The abortion, Miller said, was still painful. But it was over quickly, leading her to exclaim to the abortionist, “Holy s***… That was hands down the best abortion I ever had in my whole f***ing life. You’re amazing.” Afterwards, she said she drove home, singing along to Van Halen, and recalled, “I felt like the most successful, luckiest person alive. ‘I live my life like there’s no tomorrow,’ David Lee Roth sang, and I was like, ‘Dude, me too!'”

It’s not often that abortion advocates admit to having such a cavalier attitude towards abortion, or that some women have seemingly no problem with treating abortion as birth control. Theoretically, if someone never wanted to bear children, it would be easier to undergo a tubal ligation than have repeated abortions — but for whatever reason, women like Miller, albeit rare, exist.
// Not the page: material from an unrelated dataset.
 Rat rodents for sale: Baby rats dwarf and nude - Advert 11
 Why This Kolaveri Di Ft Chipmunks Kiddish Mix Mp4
While most women go through with abortions because they are desperate and feel they have no choice, others apparently do it just because they can.

Plenty of abortion advocates will claim that no one likes it; Alyssa Milano, for example, recently declared that everyone is pro-life because “nobody wants an abortion.” John Irving, a novelist, recently wrote an incredibly biased op-ed for the New York Times in which he declared that no one is pro-abortion.” Yet then you have people like Miller, and her receptionist, who actually responded with “yay!” when her client chose to go through with the procedure. There are abortionists like Ghazaleh Moayedi, who call it “an act of love,” or Katherine McHugh, who complained that there was no point in going through prenatal testing if one couldn’t have a eugenic abortion, or Patricia Baird-Windle, who called abortion a “sacrament.”

And yet we’re supposed to believe that there’s no one out there who is pro-abortion?